Part Of: Demystifying Ethics sequence
Prerequisite: An Introduction to Propriety Frames
Content Summary: 1400 words, 14 min read
Introduction
This article presents a theory of normatives. It is not a complete theory (it does not even describe implementation), nor does it answer a number of important objections. I sketch it, in its current state, in order to motivate the claim that explaining normatives is possible.
Hyperpoints
Consider again the problem of describing locations in a space. In a two dimensional space, any coordinate system I use (e.g., Cartesian or polar) require two pieces of data to uniquely specify the location. In a space with three degrees of freedom, three points of data are required. Call this symmetry between dimensionality and data the data-dimension bridge.
Your brain is embedded in a three dimensional space, and your visual system evolved in this context. It is just as mathematically meaningful to discuss locations in a 17D space, despite the fact that you lack the mental equipment to visualize it.
Take this argument to an extreme. The universe contains approximately 10^82 atoms. If we suppose there are 100 interesting facts we can name for every atom, this means that we need 10^84 data points to describe the universe. Given our data-dimension bridge, this means that the entire universe can be described by the location of one point in a (10^84)D space.
Such hyperpoints turn out to be a surprisingly versatile concept, appealed to frequently by mathematicians. They were first introduced in an inaugural lecture by Bernhard Riemann in 1854.
Propriety Frames
Main Article: An Introduction To Propriety Frames
Our everyday lives are immersed in highly structured interactions. Much of these community expectations are taken for granted; they are practically invisible to us. But if you travel to a culture sufficiently remote from your own, or spend much time around people suffering from Asperger’s syndrome, and you can begin to build an appreciation for these culturally-approved roles.
Consider a typical evening spent at a fancy restaurant. If I asked you to come up with a complete list of examples of things that would surprise you, how long do you think that list would be? Consider some representative examples.
- The waiter states he is not in the mood to take your order.
- Several guests are engaged in a foodfight.
- An expensive item on the menu is marked as free of charge.
- Instead of payment, the manager comes out to request that you wait tables next weekend.
- The food is dumped directly on the table.
- On taking a bite, you realize that your meal is actually plastic: an artistic creation designed purely for visual effect.
The length of the list corresponds to the volume of knowledge embedded within your brain’s social intuitions.
Social psychology likes to speak of frames as a useful way to bundle collections of facts together.
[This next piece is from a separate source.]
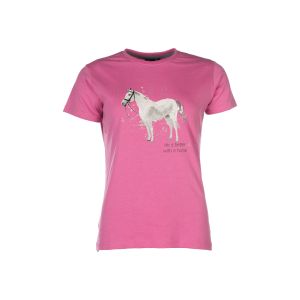 HKM Roosa puuvillane laste T-särk -SPARKLE-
We can say that our restaurant experience is defined as the intersection of three different frames: host-guest, place of business, eating. Each of the above surprises are produced by a violation of one of these frames.
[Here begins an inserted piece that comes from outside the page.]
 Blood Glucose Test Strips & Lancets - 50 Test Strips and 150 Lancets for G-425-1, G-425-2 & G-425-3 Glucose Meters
When a mother instructs her son to not yell in the store, the child installs an update to his Shopping frame. When a family exchanges gossip around a campfire, they are doing so in part to synchronize their propriety frames.
Mental Hyperpoints
Time to synthesize the above. Each social frame can be decomposed into a collection of facts. Thus, a person’s social intelligence can be fully described by a hyperpoint in frame-space.
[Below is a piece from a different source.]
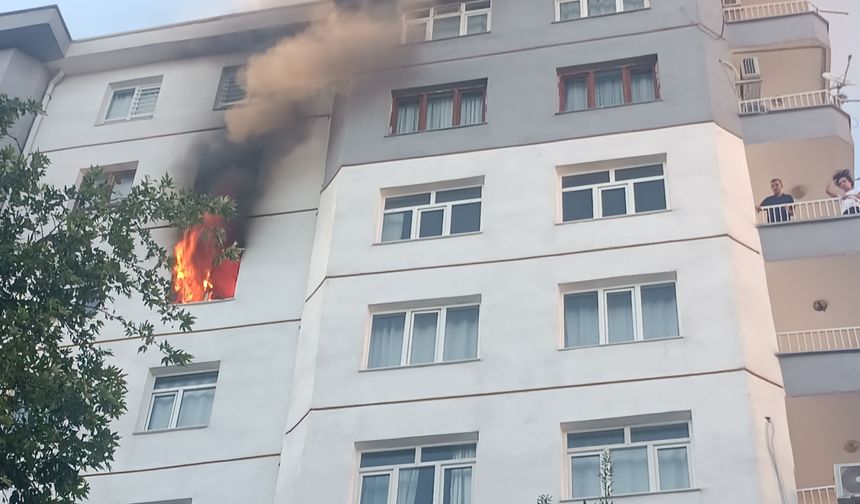 Batıkent Sitesi'nde Korkutan Yangın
In fact, we can represent any mental process in terms of hyperpoints. In the following graphic, we are representing the social memory, semantic memory, and perceptual memory.
Take a moment to appreciate this graphic. Every sentence you utter, every subtlety of your body language, every friendship you have ever formed: the totality of your life as an organism is captured as a single point in behavior-space.
Did you notice how Person A only encodes other people in behavior-space? This is because human beings do not have direct access to one another’s mental lives. That said, we can imagine that knowledge of another person’s behavior may let us estimate the social rules they hold as legitimate.
A Theory Of Normatives
Let’s switch gears. What does it mean for somebody to say “you should buy this stock” or “you should not blackmail your coworkers”?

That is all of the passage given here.